START MATERIAL FOR THIS EXERCISE

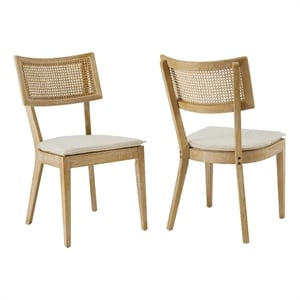 Maklaine Fabric Upholstered Wood Dining ChairSet of 2 in Gray Beige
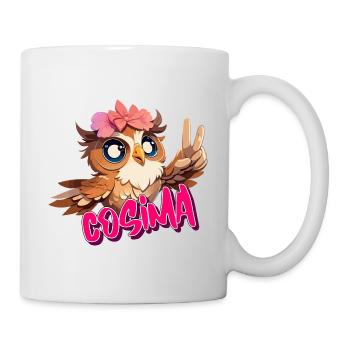 COSIMA - Schöner Mädchen Name mit süßer EULE - Tasse - Weiß - Rechts
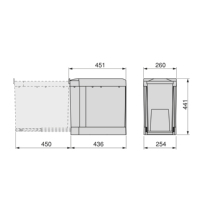 Emuca España 8906923 Cubo de Reciclaje de Cocina de 30L, Inteligente, de Acero y Plástico Gris, con Fijación Inferior y Extracción Automática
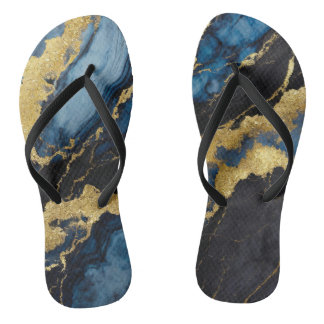 Chinelos Padrão Marble Azul com Dourado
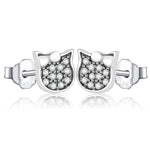 Load image into Gallery viewer, Earrings hello cat silver 925 and zircon - Maison Ming
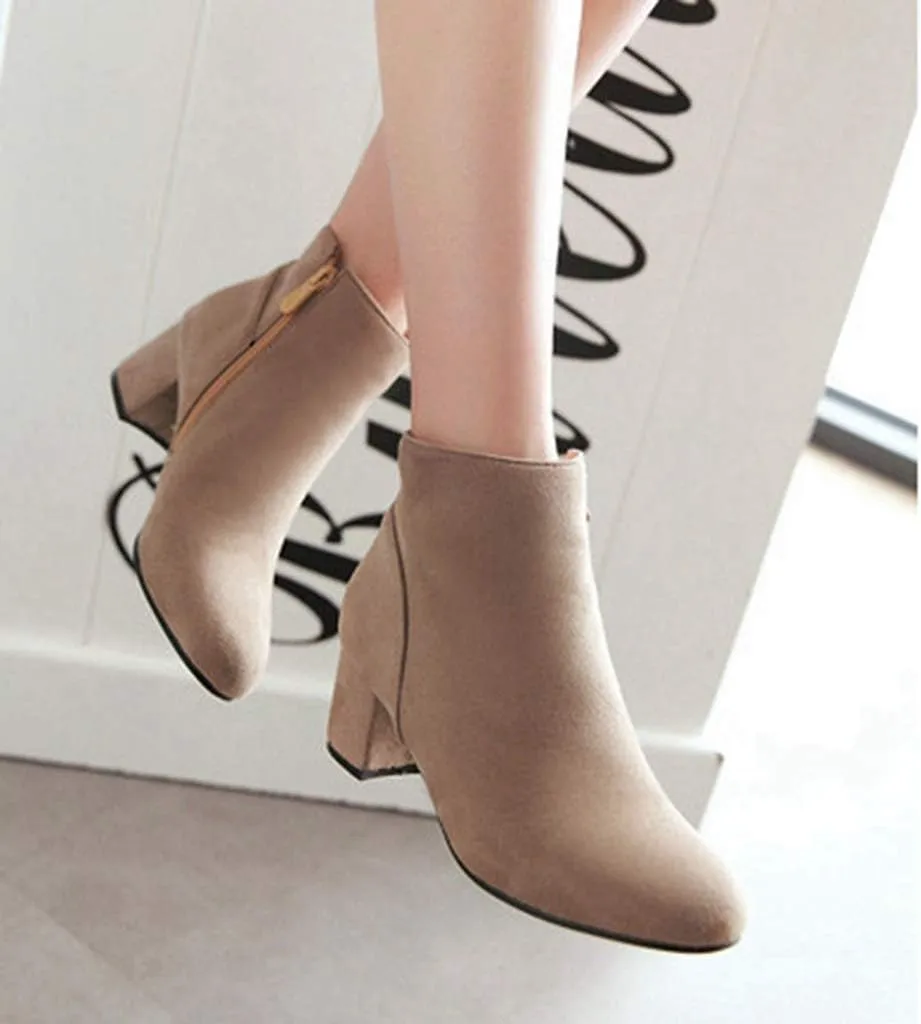 Women's Vegan Suede Dress Ankle Boots Round Toe Zipper Comfy Block Low Heel Booties Dressy Short Boot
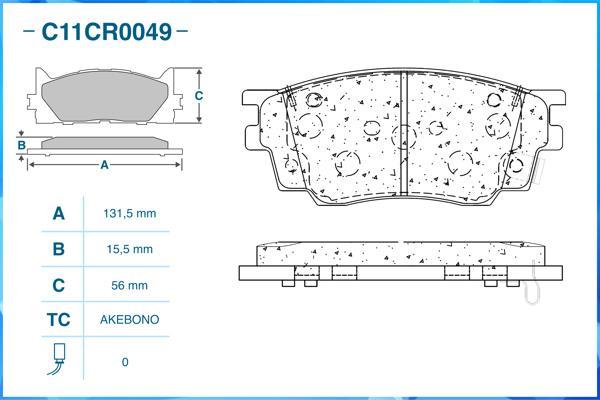 Cworks C11CR0049 - Тормозные колодки, дисковые, комплект autospares.lv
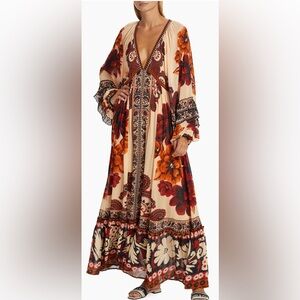 NWT- Farm Rio Sand Winter Tapestry V Neck Maxi Dress
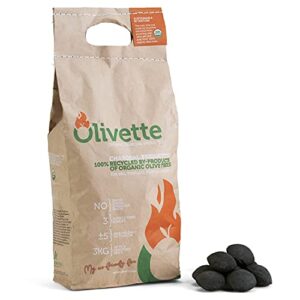 olivette organic charcoal briquettes for grilling bbq, usda organic certified | 100% recycled olive tree byproducts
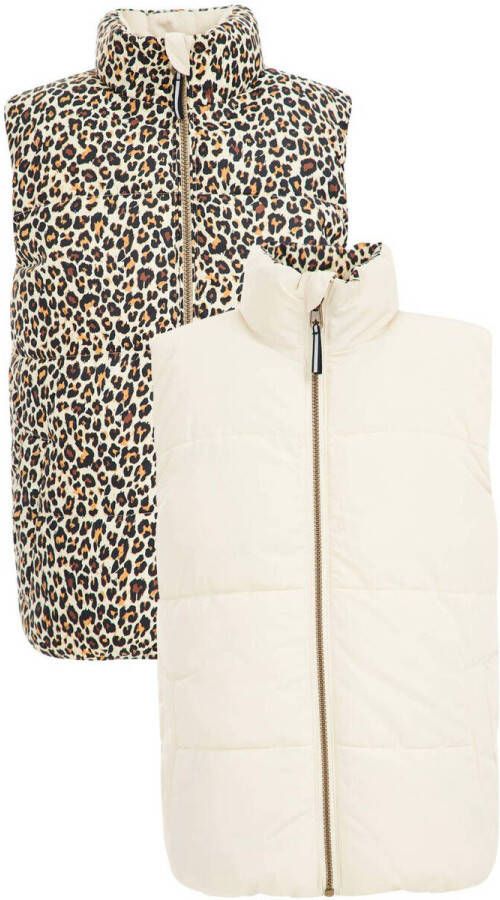 WE Fashion reversible bodywarmer panterprint wit Beige Meisjes Polyester Opstaande kraag 122 128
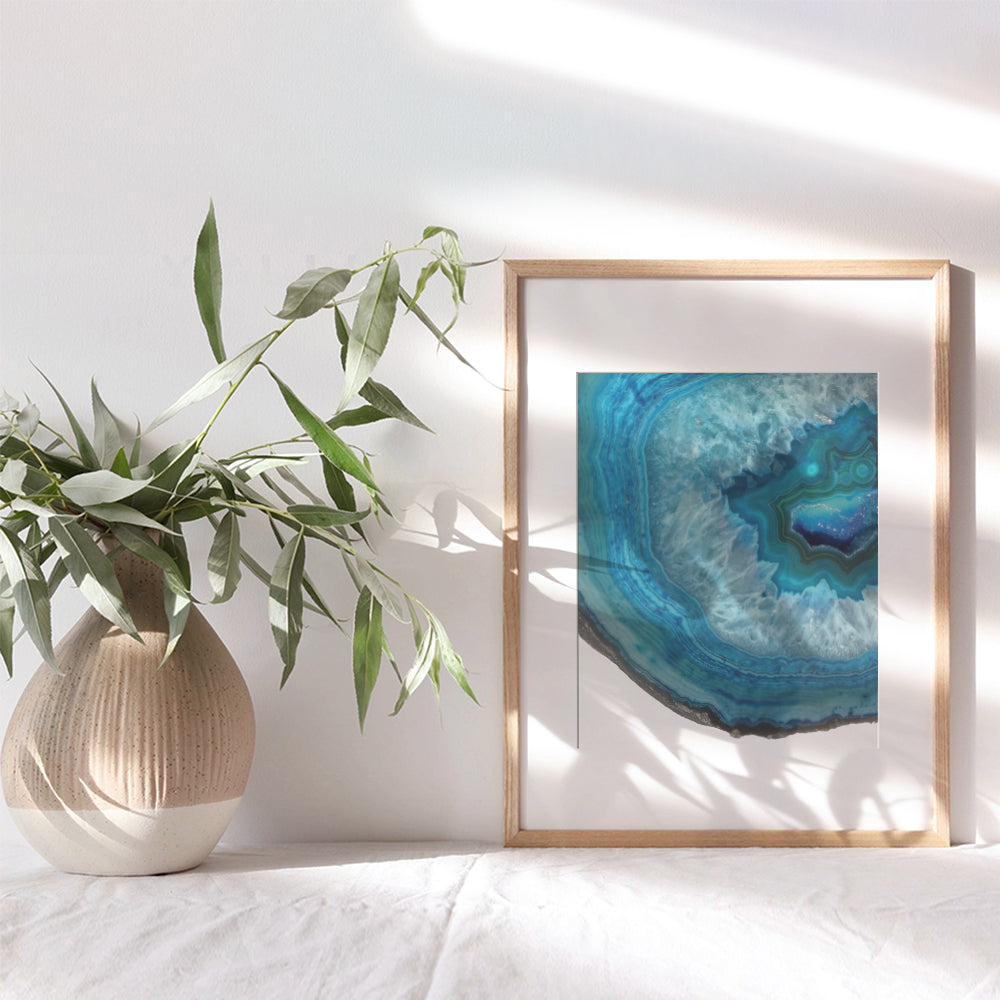 Blue Agate Gemstone Wall Art Print - 8x10 Unframed Photo - Makes a Great Gift for Geode Collectors and Home Decor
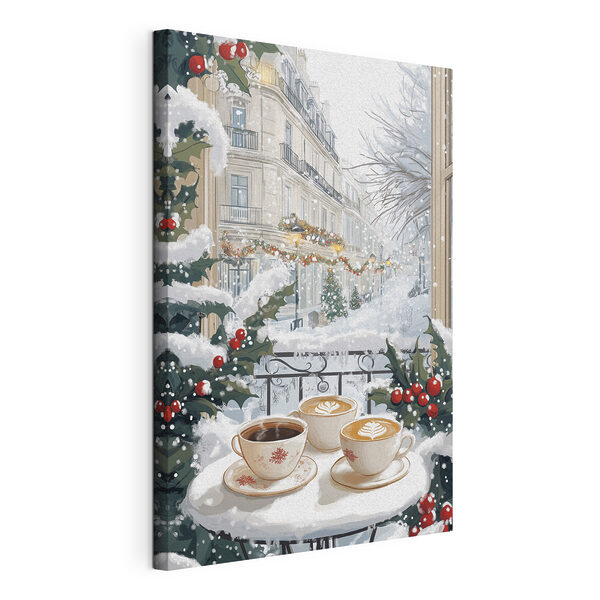 Tablou pe pânză Tablou pe pânză Cuplu de cești de cafea pe un balcon cu zăpadă și clădiri (SKU: s42794)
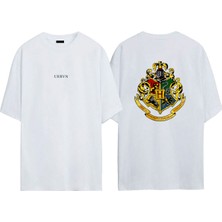 Urbvn Harry Potter Tasarım Baskılı Beyaz Oversize T-Shirt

END MATERIAL FOR THIS EXERCISE

AIM OF THE EXERCISE:
Return exactly the lines running from the line with "Chinelos Padrão Marble Azul com Dourado" through the final line of the listing. Leave the pictures out.

EXERCISE ANSWER:
 Chinelos Padrão Marble Azul com Dourado
 Load image into Gallery viewer, Earrings hello cat silver 925 and zircon - Maison Ming
 Women's Vegan Suede Dress Ankle Boots Round Toe Zipper Comfy Block Low Heel Booties Dressy Short Boot
 Cworks C11CR0049 - Тормозные колодки, дисковые, комплект autospares.lv
 NWT- Farm Rio Sand Winter Tapestry V Neck Maxi Dress
 olivette organic charcoal briquettes for grilling bbq, usda organic certified | 100% recycled olive tree byproducts
 WE Fashion reversible bodywarmer panterprint wit Beige Meisjes Polyester Opstaande kraag 122 128
 Blue Agate Gemstone Wall Art Print - 8x10 Unframed Photo - Makes a Great Gift for Geode Collectors and Home Decor
 Tablou pe pânză Tablou pe pânză Cuplu de cești de cafea pe un balcon cu zăpadă și clădiri (SKU: s42794)
 Urbvn Harry Potter Tasarım Baskılı Beyaz Oversize T-Shirt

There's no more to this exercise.